• [DATA FOR REVIEW]:

****************************************

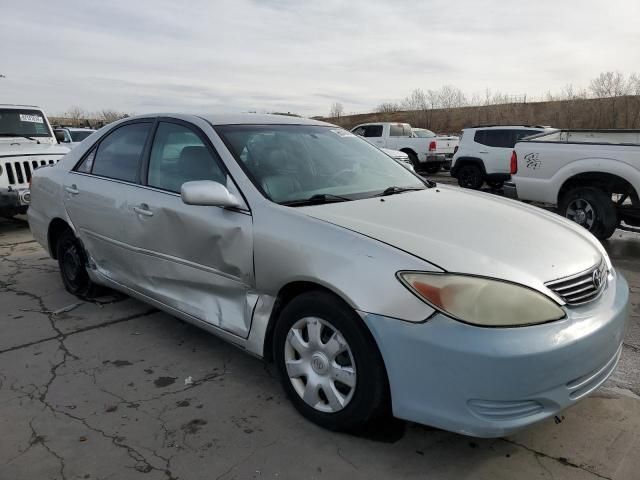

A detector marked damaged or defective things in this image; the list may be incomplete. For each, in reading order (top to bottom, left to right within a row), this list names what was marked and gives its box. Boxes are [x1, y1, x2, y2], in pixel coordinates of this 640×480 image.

damaged rear door [124, 120, 254, 338]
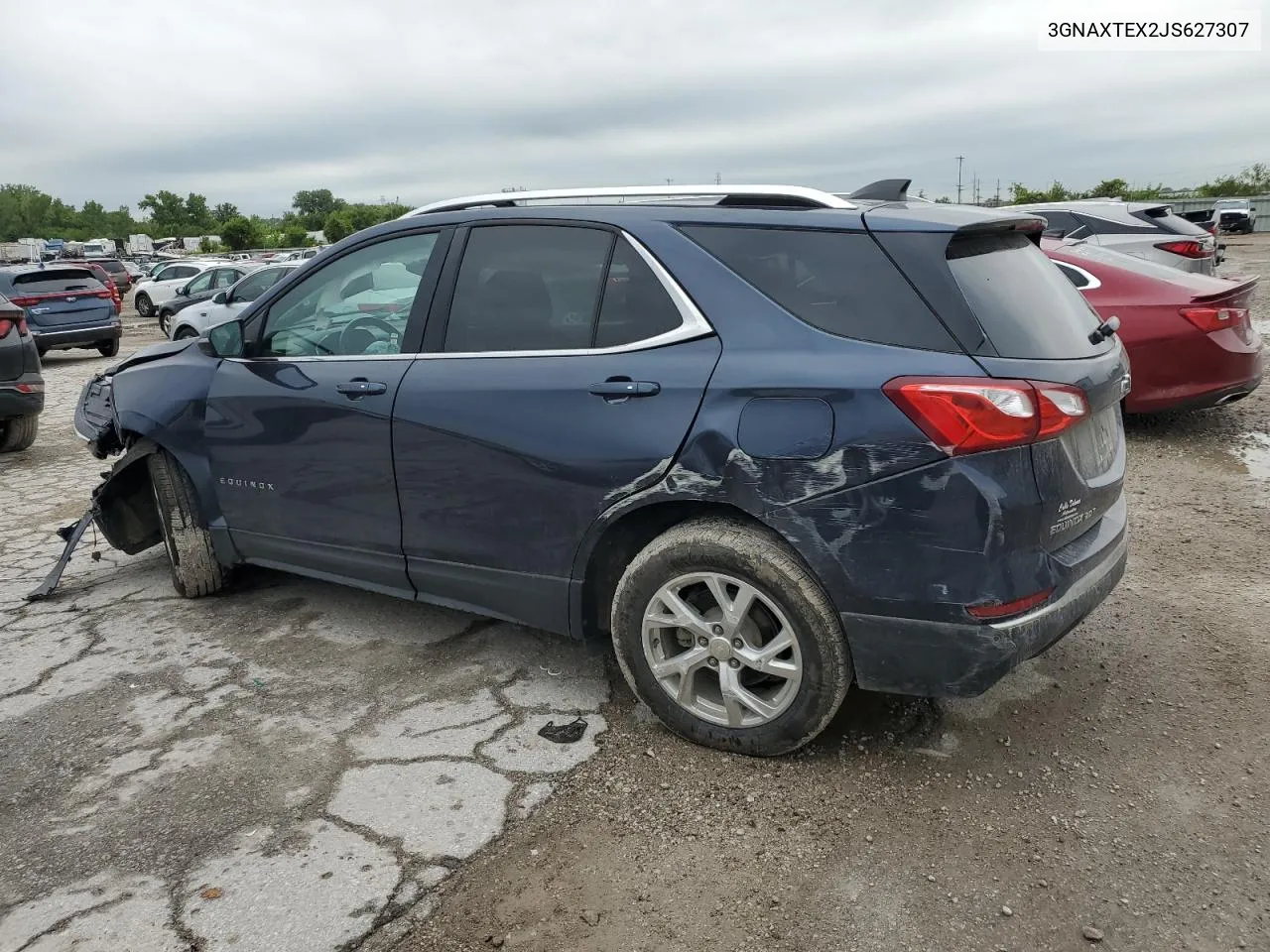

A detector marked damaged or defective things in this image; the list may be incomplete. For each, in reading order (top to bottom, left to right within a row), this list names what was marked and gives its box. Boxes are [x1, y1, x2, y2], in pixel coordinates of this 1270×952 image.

cracked concrete lot [0, 329, 614, 952]
exposed wheel well [581, 500, 767, 642]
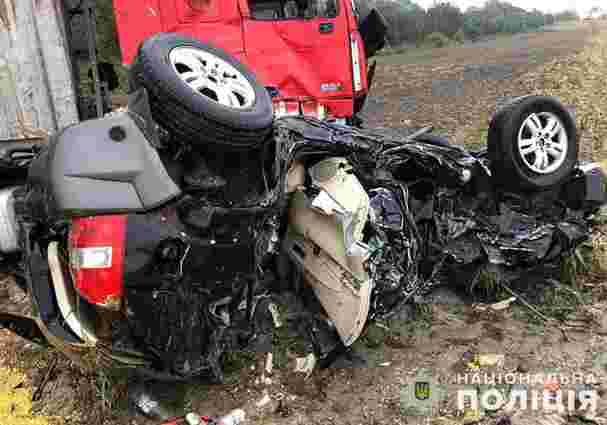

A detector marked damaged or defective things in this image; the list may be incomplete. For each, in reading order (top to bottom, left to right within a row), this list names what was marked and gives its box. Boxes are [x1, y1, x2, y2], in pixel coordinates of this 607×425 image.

broken windshield [249, 0, 340, 20]
detached wheel [131, 32, 274, 147]
detached wheel [486, 96, 576, 190]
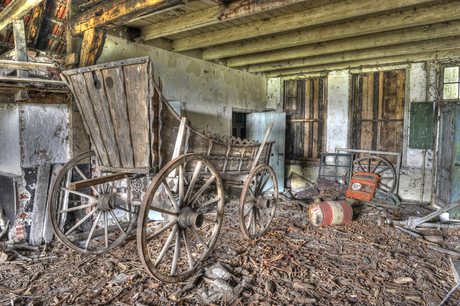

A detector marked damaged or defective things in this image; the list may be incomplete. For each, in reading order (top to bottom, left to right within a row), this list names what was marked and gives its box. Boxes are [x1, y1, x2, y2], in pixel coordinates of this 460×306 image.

rusty barrel [310, 201, 352, 227]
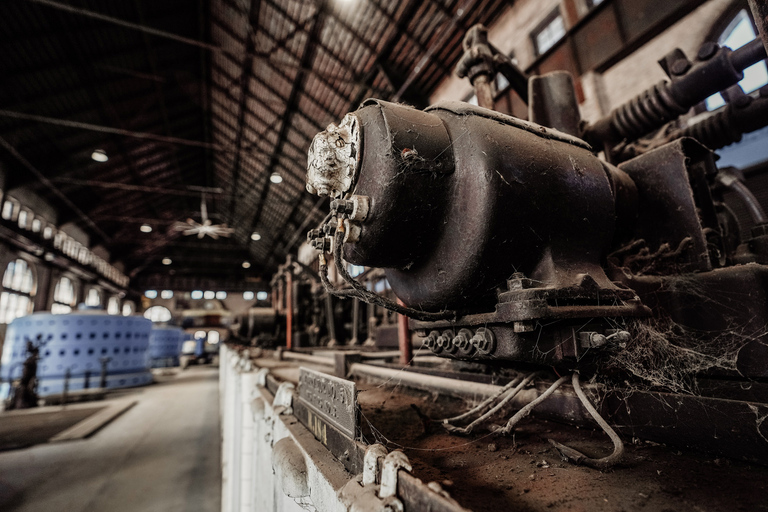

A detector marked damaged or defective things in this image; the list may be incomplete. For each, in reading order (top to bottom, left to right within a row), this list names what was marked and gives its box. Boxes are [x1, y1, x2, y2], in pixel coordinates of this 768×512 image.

rusty metal machine [304, 26, 768, 382]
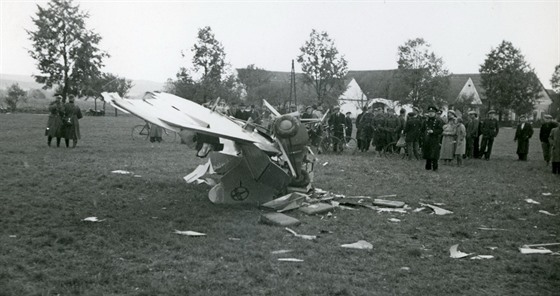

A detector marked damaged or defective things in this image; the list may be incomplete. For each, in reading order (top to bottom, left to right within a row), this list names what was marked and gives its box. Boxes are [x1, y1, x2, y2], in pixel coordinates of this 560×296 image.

crashed airplane [101, 91, 316, 205]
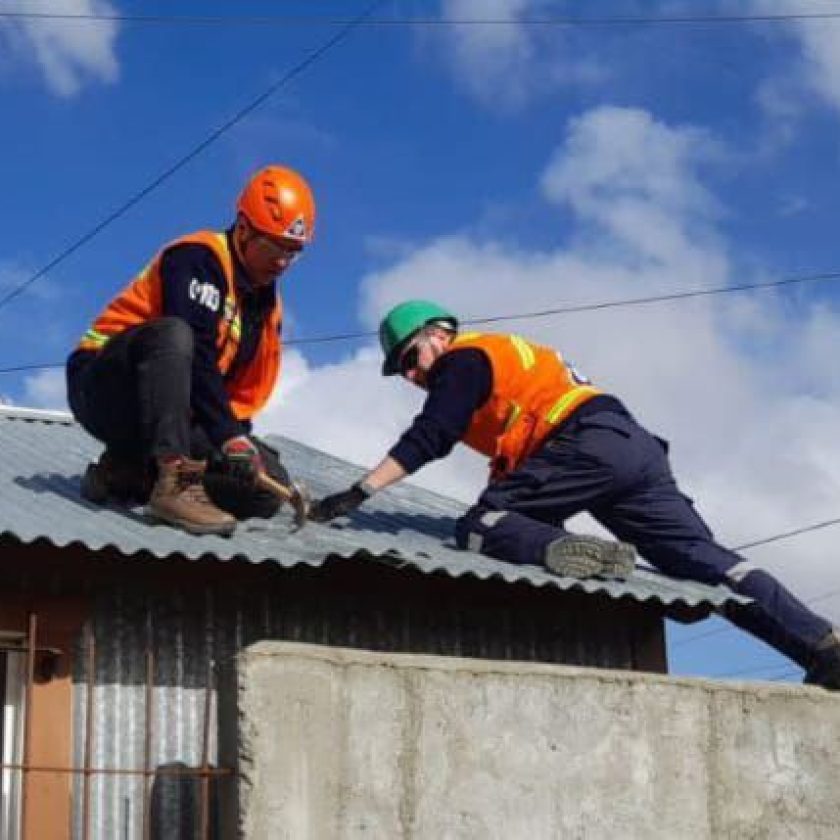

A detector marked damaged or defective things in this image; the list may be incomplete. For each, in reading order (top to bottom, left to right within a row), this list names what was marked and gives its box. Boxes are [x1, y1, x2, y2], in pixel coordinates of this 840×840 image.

wind-damaged roofing [0, 404, 748, 620]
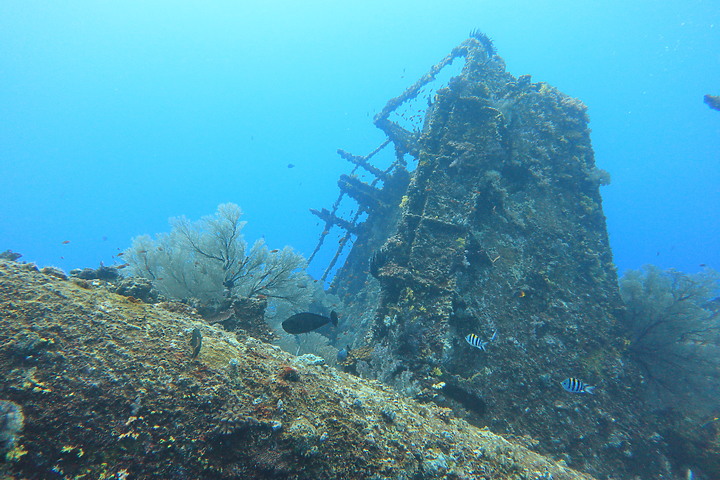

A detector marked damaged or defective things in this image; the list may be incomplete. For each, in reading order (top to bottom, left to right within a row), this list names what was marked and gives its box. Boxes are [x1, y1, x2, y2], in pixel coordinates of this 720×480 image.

corroded metal structure [312, 33, 676, 480]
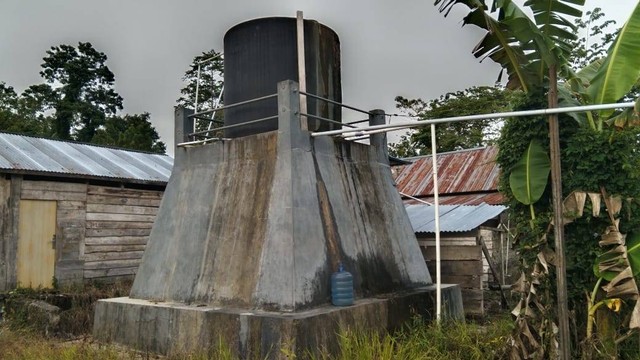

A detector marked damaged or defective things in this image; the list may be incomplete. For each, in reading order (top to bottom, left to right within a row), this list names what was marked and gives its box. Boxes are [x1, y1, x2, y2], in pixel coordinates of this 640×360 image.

rusty metal roof [0, 132, 172, 184]
rusty metal roof [392, 146, 502, 202]
rusty metal roof [404, 202, 504, 233]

****************************************

• [EXERCISE PROMPT]: Give the listing above again in its entirety, exactly as written and free of images.

• [TASK RESULT]:
A detector marked damaged or defective things in this image; the list may be incomplete. For each, in reading order (top to bottom, left to right within a row), this list names what was marked and gives its box. Boxes are [x1, y1, x2, y2], in pixel coordinates of this 640×480 image.

damaged rear door [124, 120, 254, 338]

A detector marked damaged or defective things in this image; the list may be incomplete. For each, in reading order (top to bottom, left to right within a row), this list names what was marked and gives its box. Boxes are [x1, y1, x2, y2], in pixel coordinates of this 1270×952 image.

cracked concrete lot [0, 329, 614, 952]
exposed wheel well [581, 500, 767, 642]

A detector marked damaged or defective things in this image; the list may be incomplete. For each, in reading order (top to bottom, left to right within a row), this list names what was marked and gives its box. Boxes are [x1, y1, x2, y2], in pixel coordinates of this 607×425 image.

broken windshield [249, 0, 340, 20]
detached wheel [131, 32, 274, 147]
detached wheel [486, 96, 576, 190]

A detector marked damaged or defective things in this image; the list may be incomplete. For each, in reading order (top to bottom, left to right within a row), this list names what was marked and gives its box. Boxes are [x1, y1, x2, y2], in pixel coordinates of this 460×306 image.

rusty barrel [310, 201, 352, 227]

A detector marked damaged or defective things in this image; the list may be incomplete. For each, in reading order (top to bottom, left to right within a row), this list names what was marked and gives its box. Boxes are [x1, y1, x2, y2], in pixel coordinates of this 768×512 image.

rusty metal machine [304, 26, 768, 382]

A detector marked damaged or defective things in this image; the list may be incomplete. For each, in reading order (top to bottom, left to right within a row), this list names what was marked and gives its box. Boxes are [x1, y1, x2, y2], in pixel coordinates of this 560×296 image.

crashed airplane [101, 91, 316, 205]

A detector marked damaged or defective things in this image; the list may be incomplete. For each, in reading order (top to bottom, left to right within a row), this list names what was marked and gives its box. Boxes are [x1, y1, x2, y2], in pixel coordinates of this 840×840 image.

wind-damaged roofing [0, 404, 748, 620]

A detector marked damaged or defective things in this image; the list may be incomplete. For each, in reading order (top to bottom, left to right within a row), this list names what was marked and gives its box. Boxes are [x1, y1, x2, y2], in pixel coordinates of this 720×480 image.

corroded metal structure [312, 33, 676, 480]

A detector marked damaged or defective things in this image; the list may be incomplete. For each, in reading order (top to bottom, left to right within a row), this list names what was marked and gives its box. Boxes are [x1, y1, x2, y2], in pixel coordinates of this 640×360 image.

rusty metal roof [0, 132, 172, 184]
rusty metal roof [392, 146, 502, 202]
rusty metal roof [404, 202, 504, 233]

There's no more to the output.